Sunday, 23 June 2019

Why can't I sleep? It's summer insomnia, and here's what to do about it...

From realhomes.com

Hot weather and short nights can make getting to sleep difficult. Summer insomnia has proven physiological reasons – and there are (some quite surprising) solutions

Are you feeling like you're going to bed later and later now that it's summer? Then having trouble getting to sleep once you're in bed? While many of us are enjoying the longer days and, according to the forecast, hotter weather, getting enough sleep when it never seems to get properly dark or cool is a real struggle for some of us. 

If you do find yourself unable to drift off, there's a proven physiological reason for it. The low-level light that lingers until late in the evening in mid summer is actually suppressing the production of melatonin – the hormone that regulates our sleep-wake cycle. We've all heard about the adverse effects on sleep of the light emitted by mobile phones and laptops; turns out that long summer nights have approximately the same effect on our bodies. 

                                                               Image credit: Getty Images)

So, what can you do to combat these disturbing effects of the summer solstice on your sleep patterns? Apart from the obvious tips to turn off your phone and use blackout curtains, sleep experts also recommend wearing your sunglasses for about an hour before bed. It may look odd, but many people report it works.

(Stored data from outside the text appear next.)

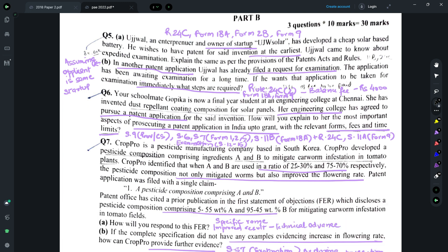Part B of Question 5 deals with a situation where the applicant has already filed a request for examination and you are required to advise how that application can be expedited. Assuming the applicant is the same startup, you need to talk about Rule 24C sub-rule 2, which covers payment of a balance fee of ₹4,000 — that being the difference between the ordinary request for examination fee and the expedited request fee. You also need to reference Form 18A again, and Form 9 if the patent application has not yet been published.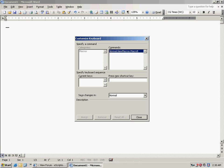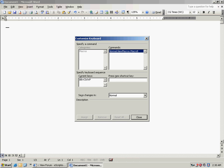Down here you'll see Press New Shortcut Key. Enter whatever shortcut you want to assign to your macro — I'm going to use Ctrl+Alt+P since, as far as I know, it doesn't control anything. Click Assign, then click Close.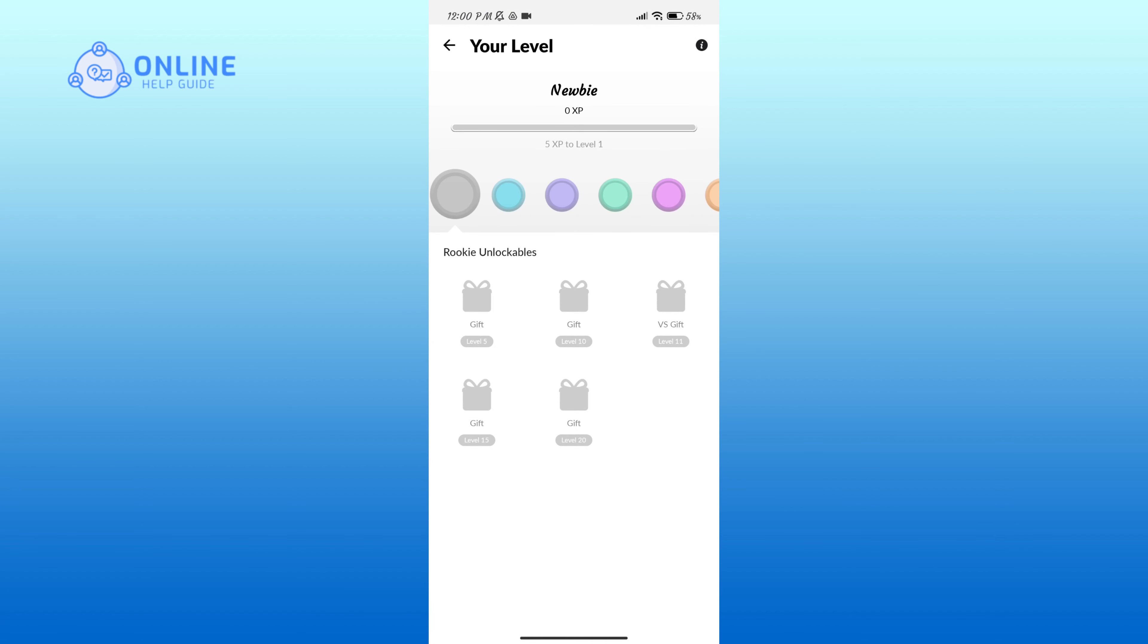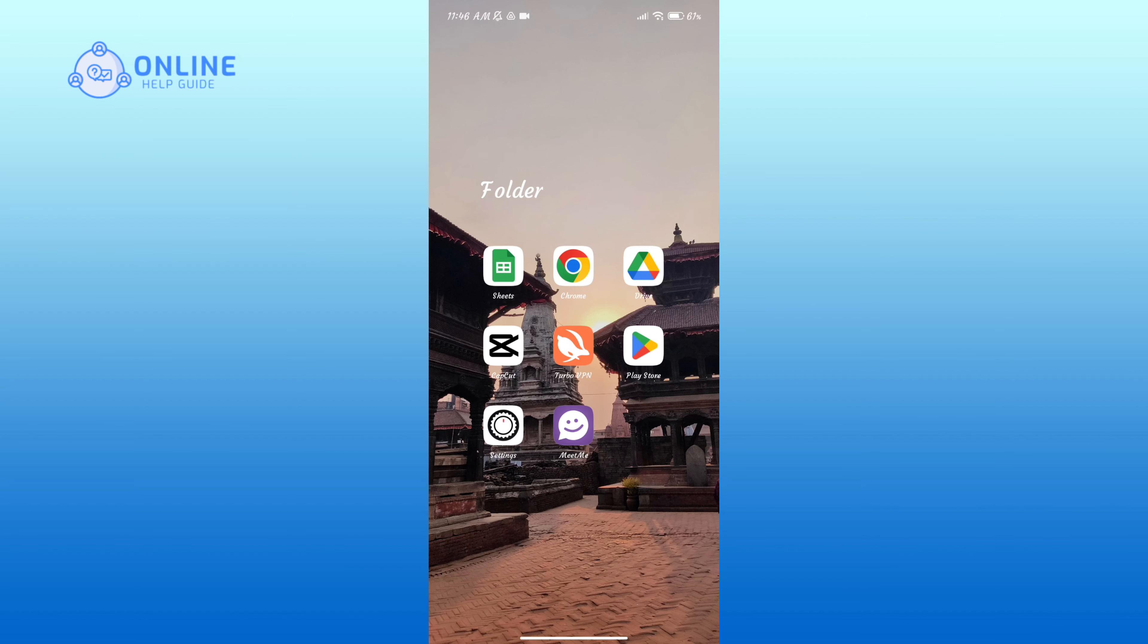So this is the page where you can check your level in the MeetMe application. Thank you for watching Online Help Guide.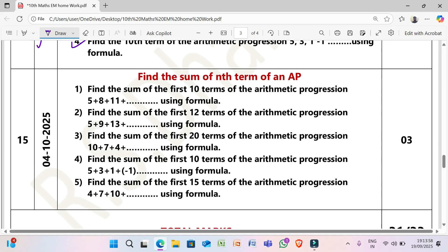Next, 4/10/2025: Find the sum of the nth term of an AP. (1) Find the sum of the first 10 terms of the AP 5, 8, 11, ... using the formula. (2) Find the sum of the first 12 terms of the AP 5, 9, 13, ... using the formula. (3) Find the sum of the first 20 terms of the AP 10, 7, 4, ... using the formula. (4) Find the sum of the first 10 terms of the AP 5, 3, 1, −1, ... using the formula. (5) Find the sum of the first 15 terms of the AP 4, 7, 10, ... using the formula. Each question is 3 marks.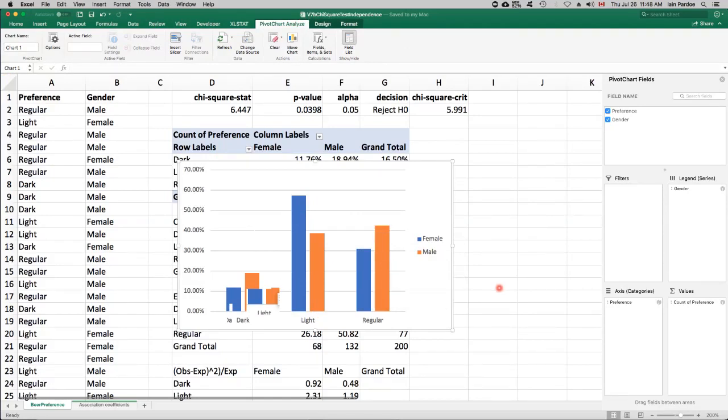Okay, so that's contingency tables using the chi-squared test for independence.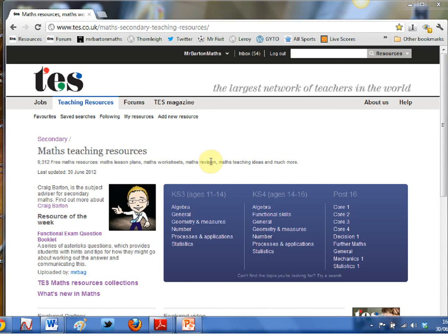Hello and welcome to Mr Barton's WebWiz video number 36, where once again I take you on a very quick tour through some of my favorite mathematical websites. Now, thank the Lord, it is that time of year where perhaps most of your classes have finished their end of year exams.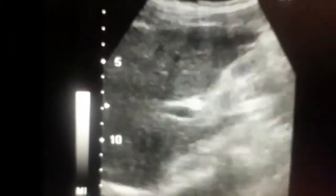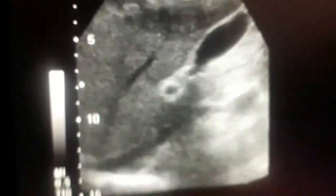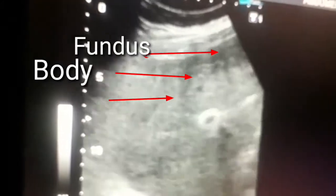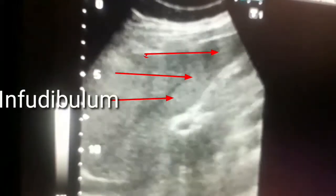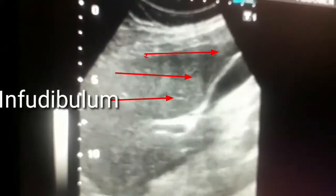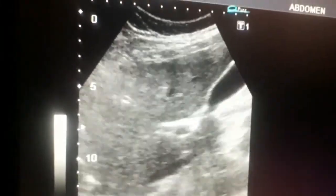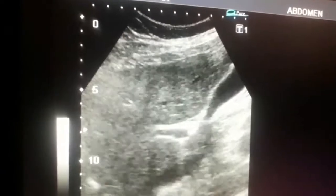In this ultrasound we will show you the normal liver, gallbladder, and kidney — that is the right kidney with a distended or dilated pelvis. You can see the liver echo texture appears to be normal.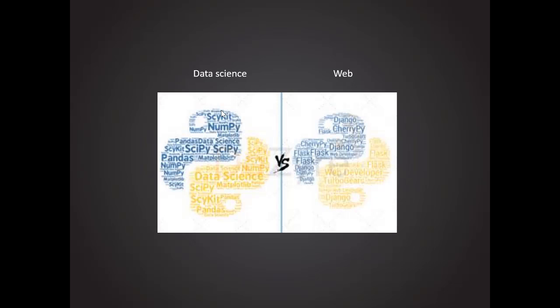Data science is much more difficult than web development because the way of thinking is completely different from traditional software development. We need to think more like a statistician or mathematician when we develop data science products. On the other hand, web development is more like programming with other programming languages such as PHP, Java, .NET. You can handle web development very naturally if you have those programming language experiences.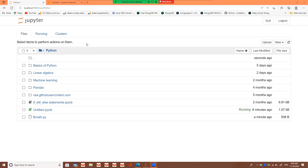Firstly, we have to make a text file and define some code in it. After that, we will apply that code into the Jupyter notebook.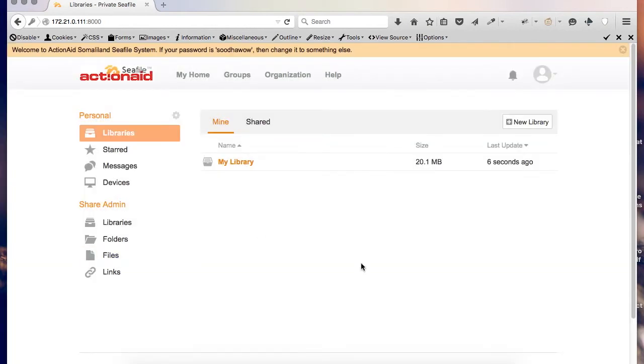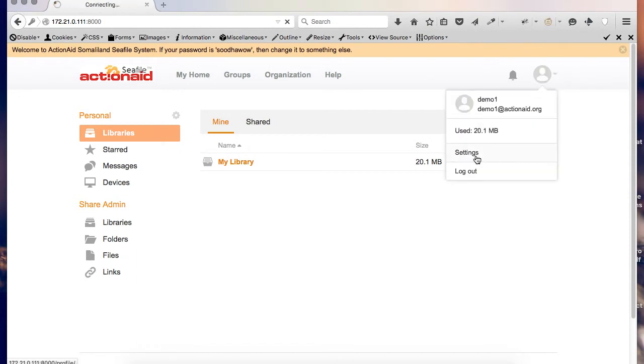And this will be your welcome screen. The first thing I would like to do is to change my password. So, I click on my user icon and go to settings.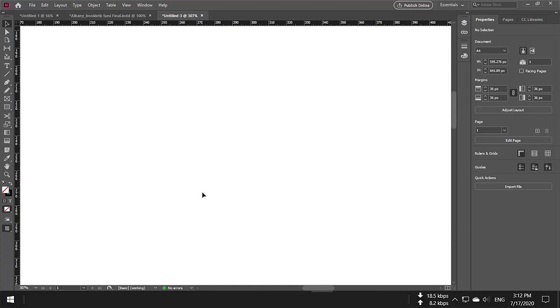In this tutorial, we are going to learn how to write Arabic, Urdu, or Persian (which is called Farsi) in InDesign 2020. The version I am using is CC 2020.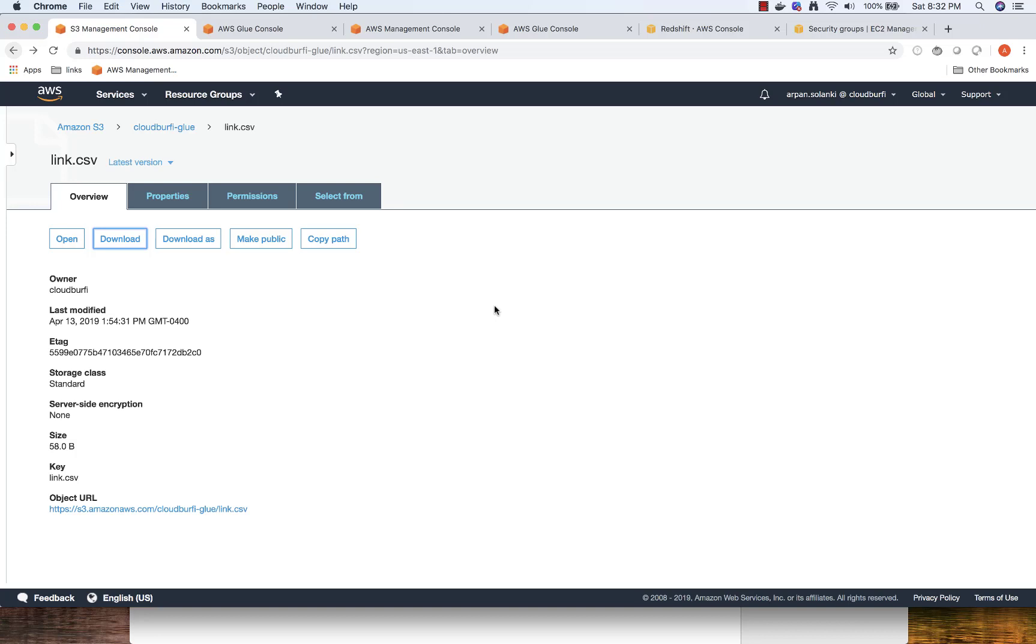We have created a Redshift crawler and saw an S3 crawler. In this video, we'll see how to populate data into the Redshift database from S3.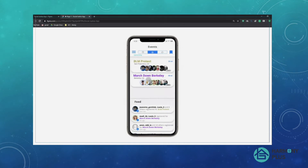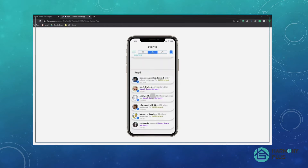In the home tab, it shows different events that are going on, and this is shown by the distance away from the user. At the bottom is a feed system. For example, three minutes ago, two different people signed up for or registered for the Marchdown Berkeley event.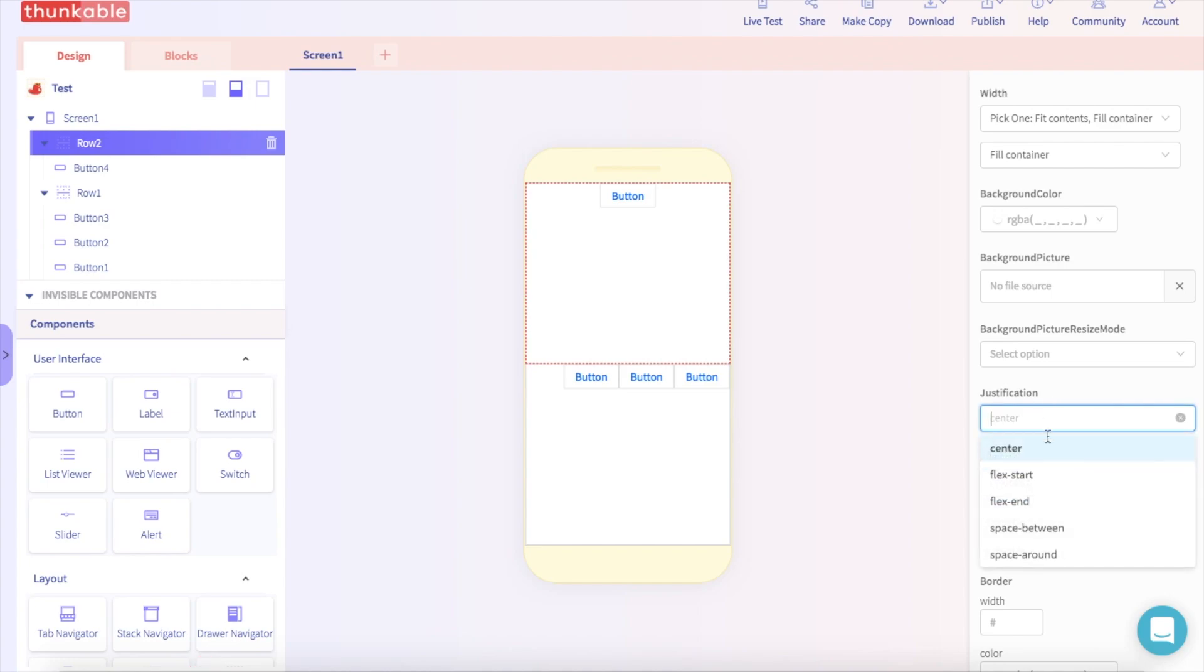So there you have it. This is how you move different components around the screen and organize your app.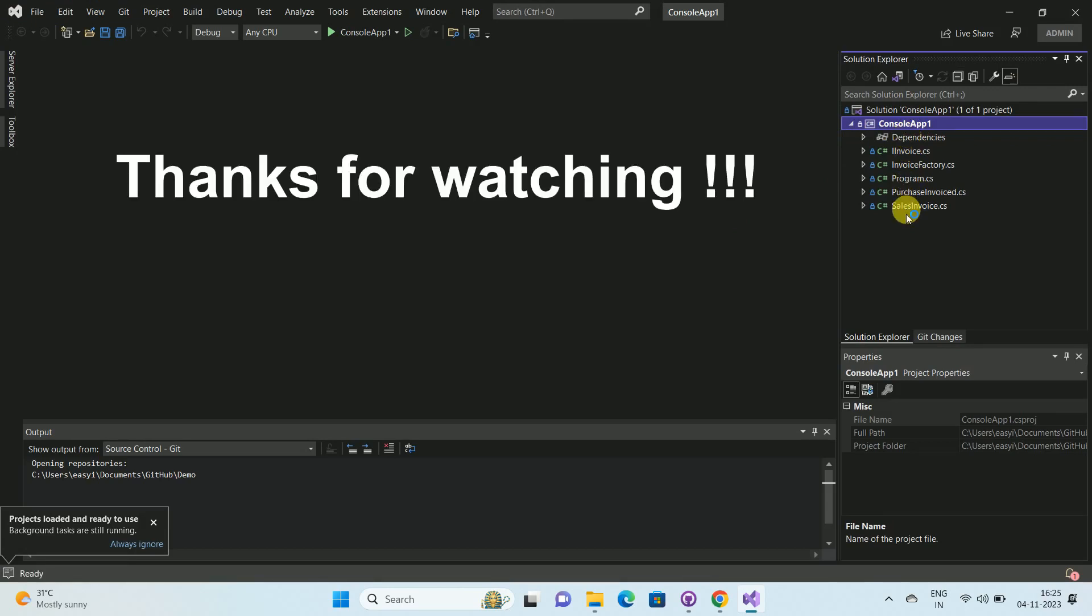That's all. Thanks for watching my video. If you are new to my channel, please subscribe my channel how to. Thanks a lot.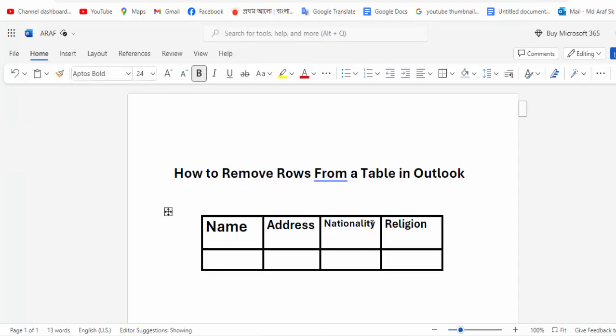Removing rows from a table is very easy. I hope you enjoyed the video. Please like, comment, share, and subscribe to my channel. Thanks for watching my video.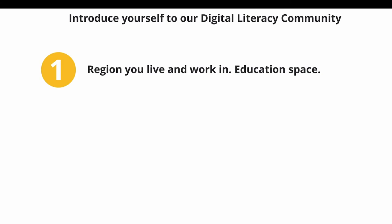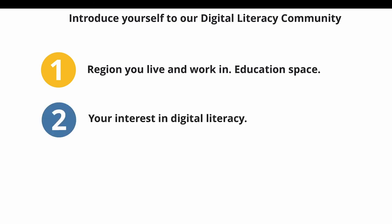I would ask you to: one, identify which region of the world you live in and work, and what sort of school or education institution you work in; two, outline your interest in digital literacy; and three, describe briefly what you hope to gain from the course.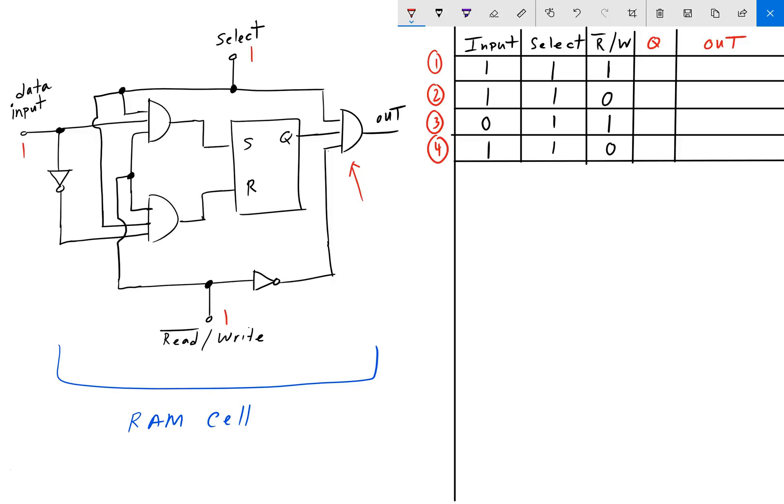The select bit, when it goes high, means that memory operations can now be performed on this particular cell. The select bit essentially gives access to the cell for either reading or writing. The read-write bit, as you can expect, is for reading and writing to the cell, and it is usually tied to some sort of system clock.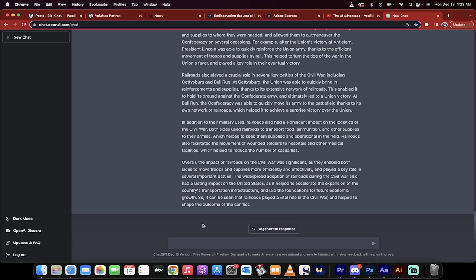Hello everybody, welcome back to another ChatGPT AI tutorial. In this one I'm going to show you how to create nearly unlimited numbers of YouTube videos. Basically ideas for what kind of videos to make on specific topics.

Back to those curtains, blackout or not. If you draw them around two hours before bedtime and dim lights, you will find it easier to fall asleep. If the weather's hot, this might exaggerate your insomnia (people sleep better when their core body temperature falls). So, keeping those curtains drawn during the day, cracking windows open on both sides of the room or house to create a through-draught, using a fan in your bedroom – or air conditioning if you have it – can all help with this.

Unexpectedly, taking a hot bath or shower will also help your core temperature drop once you go to bed, so doing this, too, can promote sleep. Failing that, a mattress cooling pad can bring relief if you find it hard to get to sleep on hot nights.

Improving bed hygiene can also vastly improve your sleep quality. Think new, breathable mattress, crisp and fresh bedlinen (cotton or linen, never synthetic), and a lighter duvet. Avoid winter duvets in summer, as they trap heat, making you sweaty and uncomfortable.

Finally, if you still can't drift off to sleep straight away, don't panic. Read a book or listen to a relaxing recording, until you are sleepy. TV or phone scrolling? Forget it.